There are a bunch of bills, but you cannot pay them all on time. Unable to cope you put the bills out of sight - but they are not out of mind.

How to fix it

Don’t psych yourself out by focusing on the big picture. Get a few smaller bills and pay them this week. That will make you feel more in control and motivate you to deal with the rest, says Maggie Baker PhD, psychologist and author of Crazy About Money. “Tackle your larger debts by calling creditors and working out a payment schedule,” she adds. “You’ll save on interest and protect your credit rating.”


Despite more promises to pay more money into that IRA, 401(k) or 529 college savings plan, you continue to put it off.

How to fix it

Create a “consequence” for not doing the right thing. Baker suggests setting a jar on the kitchen counter and dropping in $5 or $10 every day you delay. “Sometimes pain helps break bad habits better than a reward,” she says. After a month, you’ll have a nice chunk of change to invest in your future.


You fret nonstop about money, beating yourself up for poor decisions or silently blaming others (husband, boss, kids). Meanwhile, you’re not owning up to your problems or looking for solutions.

How to fix it

The best way to banish negative thinking patterns is to bring them out into the open. Discuss your concerns with your spouse or, if that’s too fraught, with a friend or financial advisor. “There’s a lot of vulnerability and shame about money issues,” says Chellie Campbell, author of From Worried to Wealthy. “But there’s tremendous relief in sharing your struggles.” It also breaks the logjam in your brain so that you can take positive action.
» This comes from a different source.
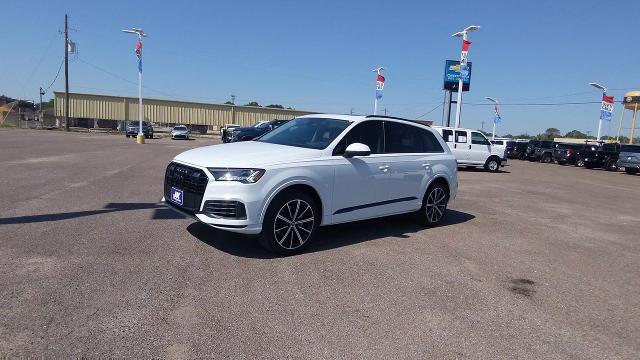 2023 Audi Q7 Vehicle Photo in NEDERLAND, TX 77627-8017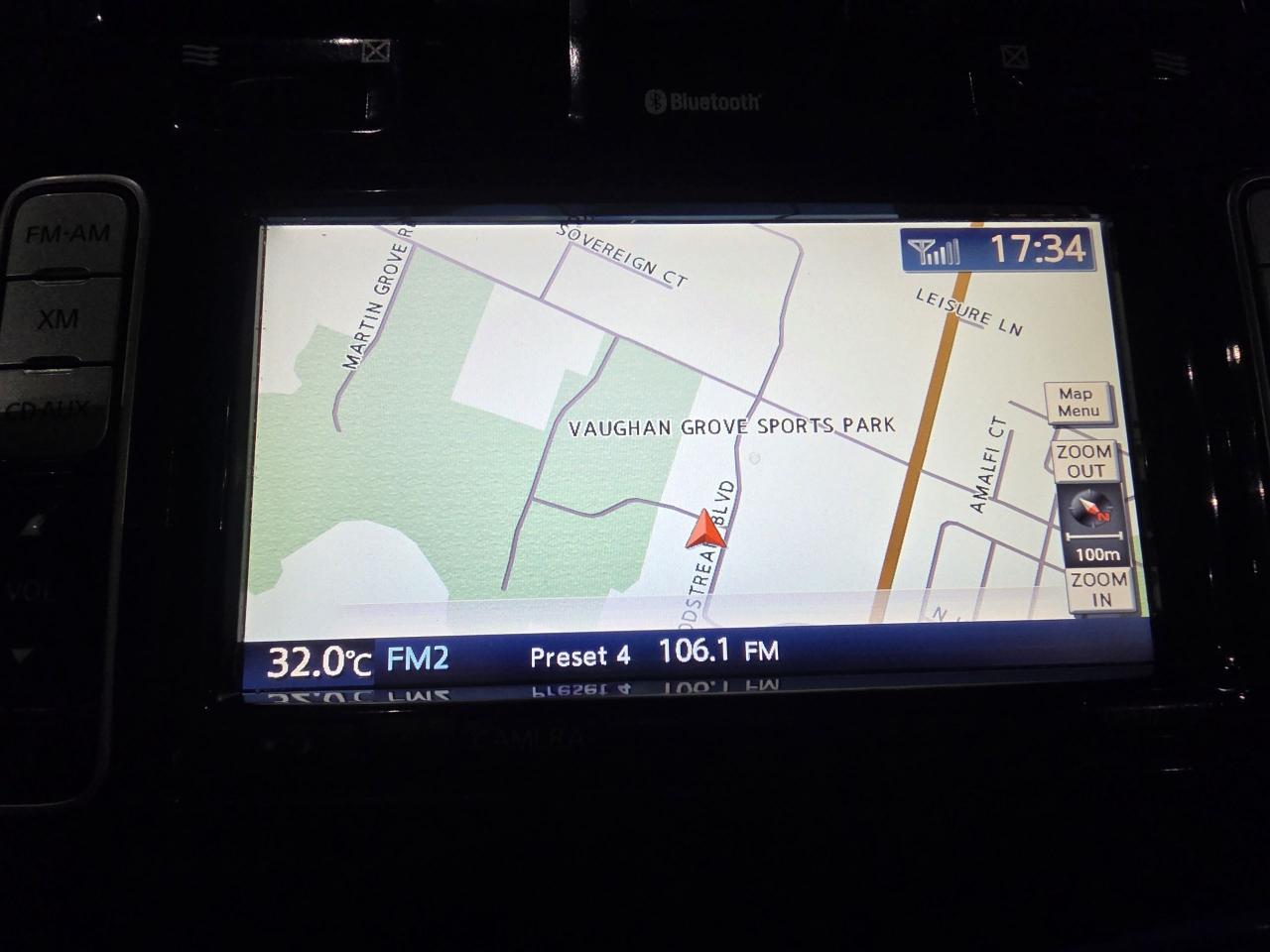 2015 Nissan Leaf SL Photo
Your days are filled with retail therapy, and your closet is filled with impulse buys. Although the immediate gratification is great, there’s serious regret when the bills come due.

How to fix it

Before leaving the house, decide what you need- not, want- to purchase that day, and stick to your resolve. Recruit a friend you can text when temptation strikes so they can hold you accountable and urge you to not backslide. If that fails, pay cash, which will hurt more than whipping out your credit card.


Socking away a decent portion of your income is no problem, but it’s gotten to the point where you’re deriving yourself of life’s little pleasures.

How to fix it

Make a short list of things to buy that will lift your mood, whether high-thread-count bed linens or a mini vacay. Then go for it. “Sometimes you have to tune out all the doom and gloom in the news about how we are not saving enough,” says Campbell. “Money is for spending, and it can bring us joy.”